The North Carolina Department of Commerce’s team of rural economic development professionals supports the RIA’s work. RIA members review and approve funding requests from local communities. Funding comes from a variety of specialized grant and loan programs offered and managed by N.C. Commerce’s Rural Economic Development Division, led by Assistant Secretary for Rural Development Kenny Flowers. Grants can support a variety of activities, including infrastructure development, building renovation, expansion and demolition, and site improvements.

“Rural infrastructure grants are examples of the strong, innovative collaboration between the state and local governments that have helped North Carolina to be recognized as America’s top state for business,” N.C. Commerce Secretary Machelle Baker Sanders said. “We are proud to partner with rural communities to bring new jobs and investment to all corners of our great state.”

Nash County: A $1,681,230 grant will support a sewer and roadway expansion as part of the County’s effort to improve the Middlesex Corporate Centre industrial park, preparing the location for future job creation and private investment.

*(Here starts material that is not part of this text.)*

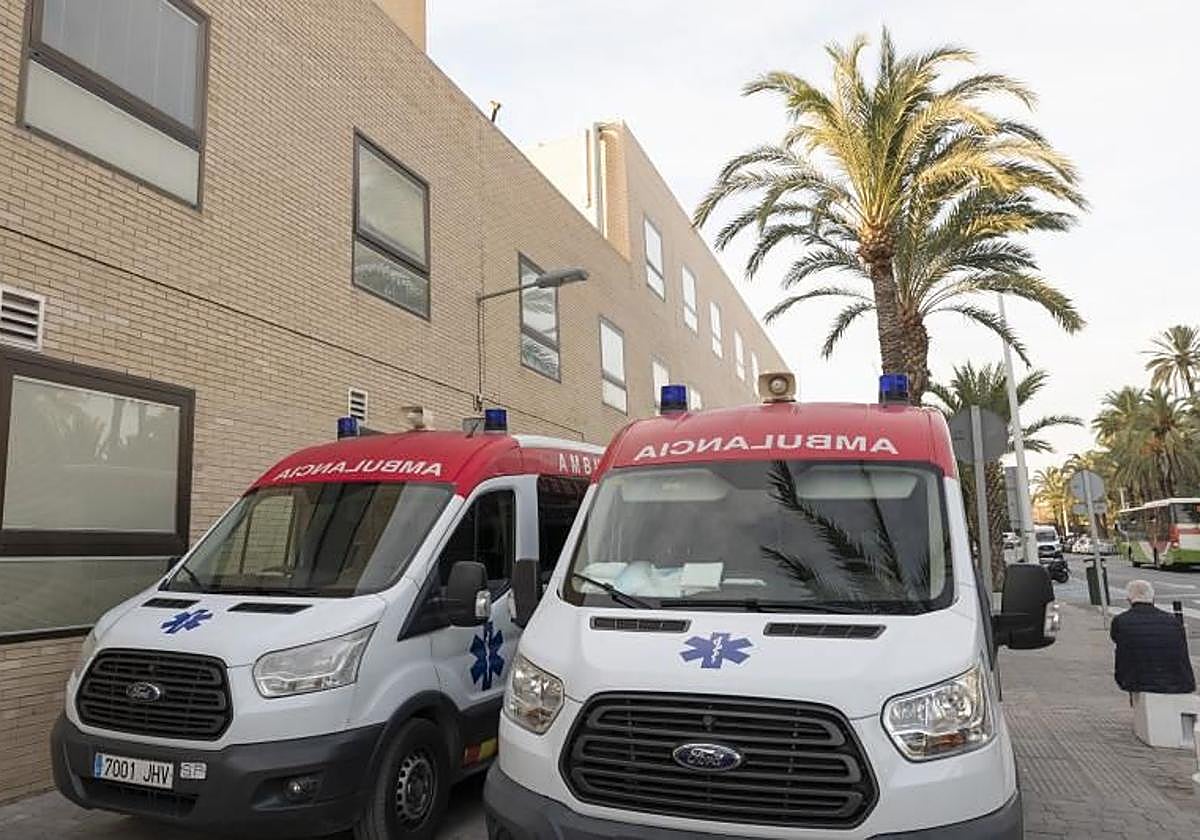 Ambutlancias en la puerta del hospital.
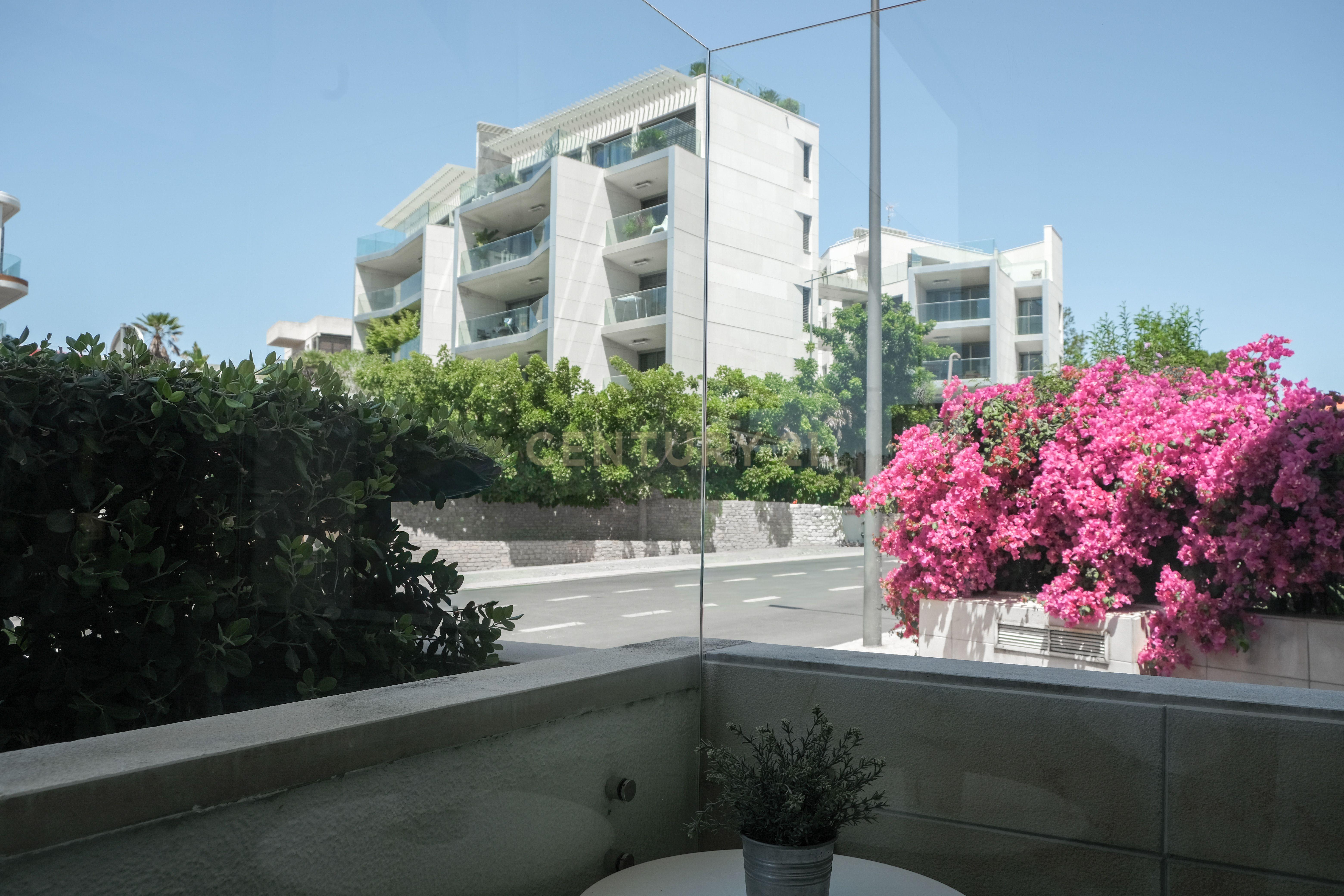 Fotografia 9 de T3 no Centro de Cascais com Terraço, 2 Varandas e o mar tão perto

The Industrial Development Fund – Utility Account provides grants to local governments located in the 80 most economically distressed counties of the state, which are classified as either Tier 1 or Tier 2. Funds may be used for publicly owned infrastructure projects that are reasonably expected to result in new job creation. The IDF – Utility Account is funded through a process tied to the state’s signature Job Development Investment Grant (JDIG) program. When JDIG-awarded companies choose to locate or expand in a Tier 2 or Tier 3 county, a portion of that JDIG award is channeled into the Utility Account.